Institute for Insight
In the Insight Lab we focus on data science and machine learning innovations with applications to business problems brought to us by strategic partners. These unique, collaborative engagements provide organizations with the opportunity to gain insight into a big data challenge.
Organizations with exploratory big data projects bring their staff and data together with institute faculty and students to engage in a 3- to 4-week focused effort to understand what is in their data and what can be done with it in the institute’s big data lab.
Students work in teams on data sprints to find solutions to these real business problems involving data management and applications.
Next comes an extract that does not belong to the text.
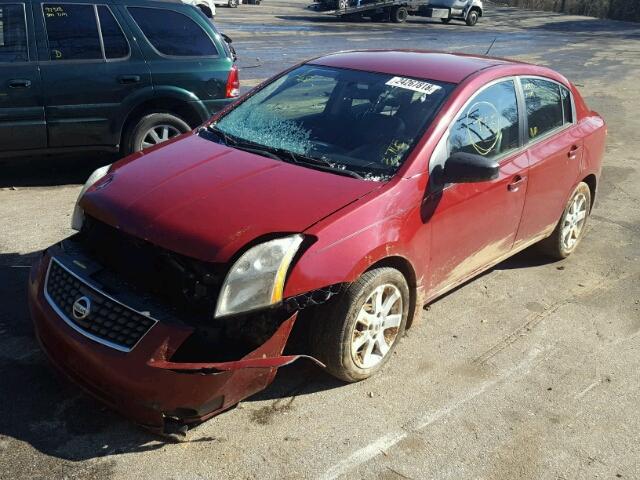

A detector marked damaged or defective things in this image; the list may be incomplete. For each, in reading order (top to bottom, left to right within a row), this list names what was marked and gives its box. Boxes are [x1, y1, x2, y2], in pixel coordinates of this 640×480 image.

The students tackle each project with a company staff member and devise possible solutions.
The objective is to see if specific questions can be answered using the data or if the data may be helpful in other ways.
Bring Us Your Problems
We welcome participation from professionals from the business community. To bring us your big data difficulties, contact Yusen Xia at email@example.com to explore how your company can partner with the institute and find solutions.
Dr. Yusen Xia
director, Insight Lab
Watch a video of an Insight Sprint in action, plus student and employer commentary.
Dell Sprint Project
MSDA students examined a number of components reflecting the diversity of the company’s employees at all levels of the organization. They then developed a dashboard with dash and plotly to interactively visualize different measures of diversity and inclusion metrics.
Starr Sprint Project (Fall 2020)
MSDA students examined several business areas of the insurance industry, and collected data such as premium, incurred losses, loss ratio, experience modifications and exposures for multiple states. A Power BI dashboard was built to measure territory risk scores.
Truist (SunTrust) Sprint Project
MSDA students investigated customer experience of the mortgage division of the bank in order to provided a more customized service to the clients. Machine learning techniques such as random forest, SVM and XGBoost were used in the project.
Florida Center for Capital Representation (FCCR) Sprint Project
Working with a set of court documents filed in Florida state courts, the students extracted key textual information to study prosecutors’ exercise of discretion in seeking the death penalty. The students used a variety of natural language processing and machine learning techniques to classify the documents into relevant categories. They also built visualization dashboards and reporting mechanisms for the FCCR to use in analyzing future sets of court documents.
Starr Sprint Project (Spring 2020)
Students analyzed structured and unstructured data from different sources to predict the severity of Commercial Auto claims, enabling increased early detection of claim severity and more accurate severity predictions, which implies more investment capability. Text mining and machine learning methods such as term frequency, sentiment analysis, word2vec, logistic regression, XG-Boot and random forest were used in this project.
This project utilizes machine learning methods to understand customer attrition. In particular, students investigated historical banking transactions to identify households who are likely to attrite, distinguish those households who leave out of dissatisfaction versus normal churn (evitable vs. inevitable), and identify issues to address based on the traits that distinguish these households. Various machine learning methods were implemented.
The project develops a scoring methodology to rate and rank brokers who have done business with the company. Students used unsupervised machine learning methods such as clustering and principal component analysis to identify weights of various factors that reflect broker performance and created a broker ranking system in PowerBI.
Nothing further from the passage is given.